Hylomorphism and Mind-Body Problems

Mind-body problems are persistent problems in understanding how thought, feeling, perception, and other mental phenomena fit into the natural world described by our best science. Hylomorphists take mind-body problems to be symptomatic of a worldview that rejects hylomorphic structure.

Hylomorphic structure carves out distinctive individuals from the otherwise undifferentiated sea of matter and energy described by physics, and it confers on those individuals distinctive powers. If hylomorphic structure exists, then the physical universe is punctuated with pockets of organized change and stability—composite physical objects (paradigmatically living things) whose structures confer on them powers that distinguish what they can do from what unstructured materials can do. If those powers include the abilities to think, feel, perceive, and act, then hylomorphic structure provides a way of locating mind in a physical world: if structure is uncontroversially part of the physical world, and mental phenomena are species of structural phenomena, then they must be uncontroversially part of the physical world as well.

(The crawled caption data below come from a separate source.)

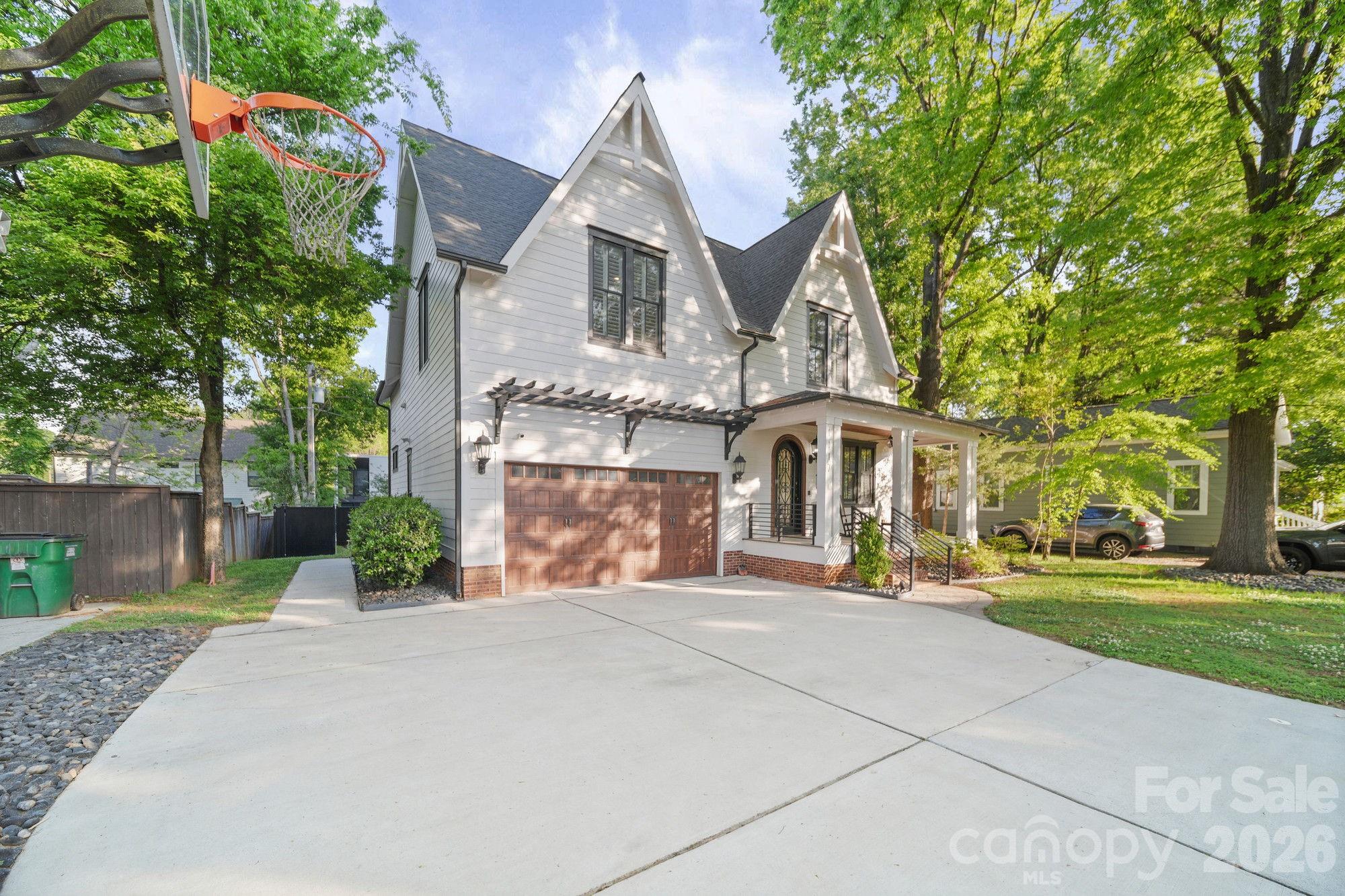 1117 Pamlico Street Charlotte NC 28205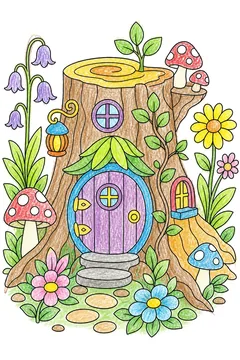 Colored example 2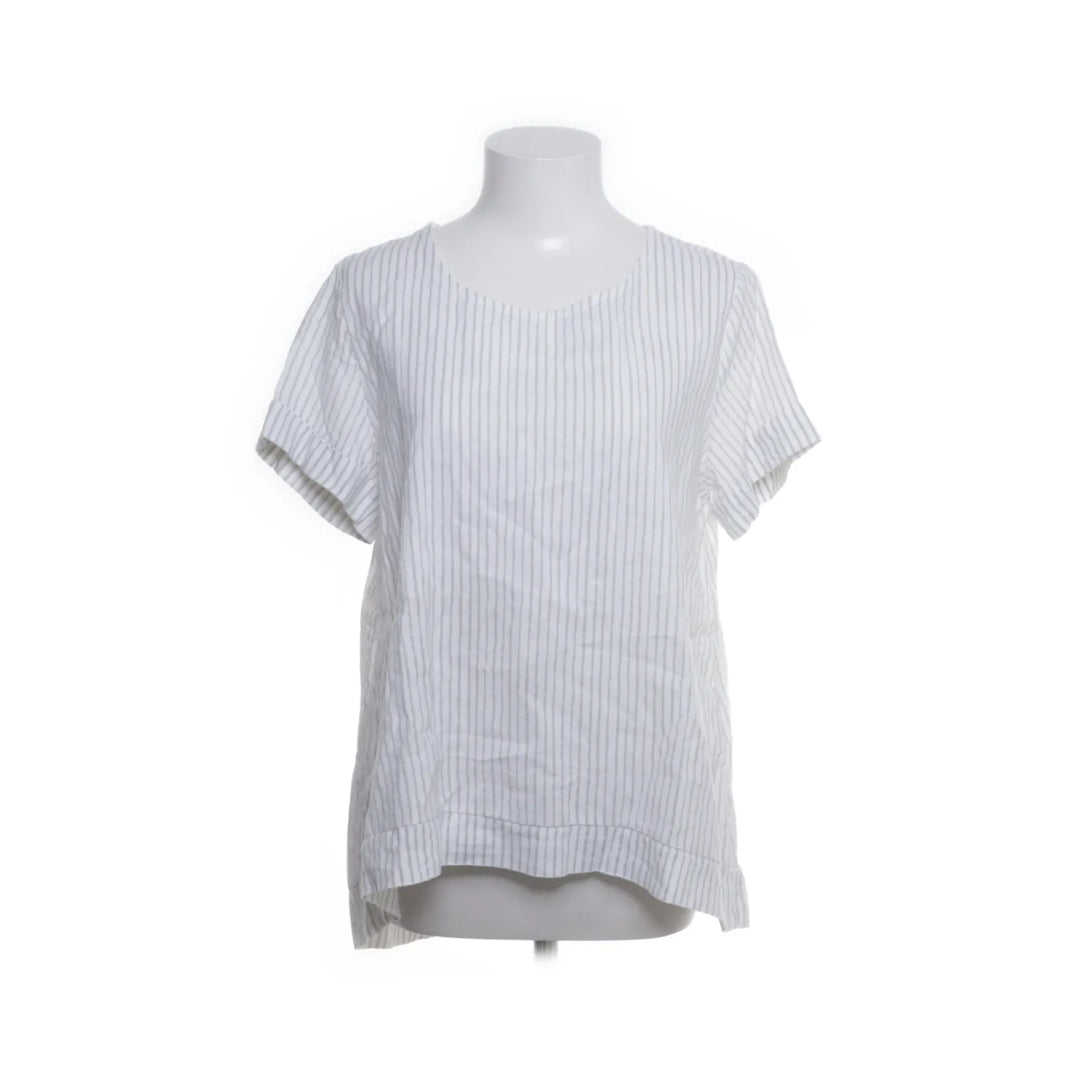 Marta | Wit, Grijs - Top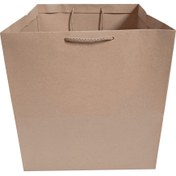 تصویر ساک دستی بیرون بر 28x28x32h (پیتزایی دو نفره) 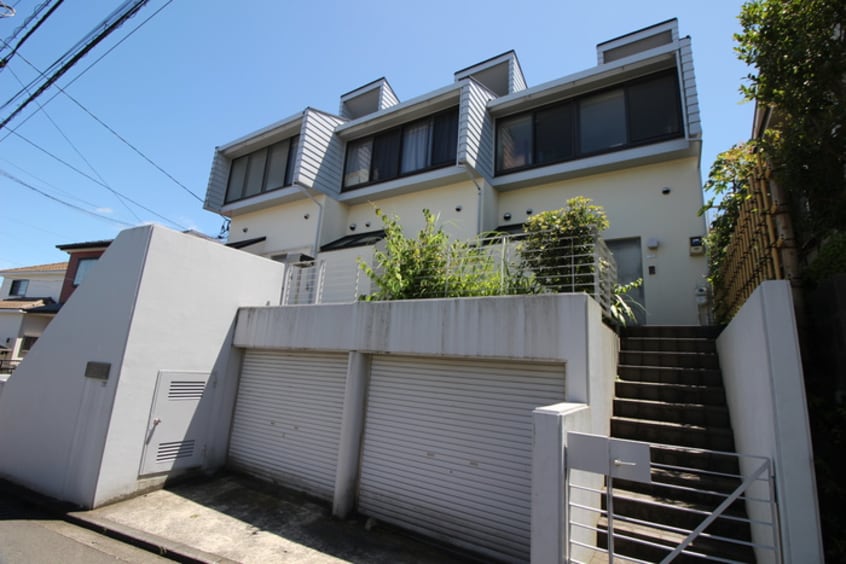 外観写真 ガーデン白楽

A worldview that rejects hylomorphic structure, by contrast, is a worldview that lacks a basic principle which distinguishes the parts of the physical universe that can think, feel, and perceive from those that can’t, and without a basic principle that carves out zones with distinctive powers, the existence of those powers in the natural world can start to look inexplicable and mysterious.

If there is nothing built into the basic fabric of the universe that explains why Zone A has powers that Zone B lacks—if nothing explains why you, say, have the power to think, feel, and perceive, while the materials surrounding you do not, then the options for understanding the existence of those powers in the natural world become constrained: either those powers must be identified with the powers of physical materials taken by themselves or in combination (as panpsychists and many physicalists claim), or their existence must be taken as an inexplicable matter of fact (as many emergentists and epiphenomenalists claim), or their existence in the natural world must be denied altogether (as substance dualists and eliminative physicalists claim).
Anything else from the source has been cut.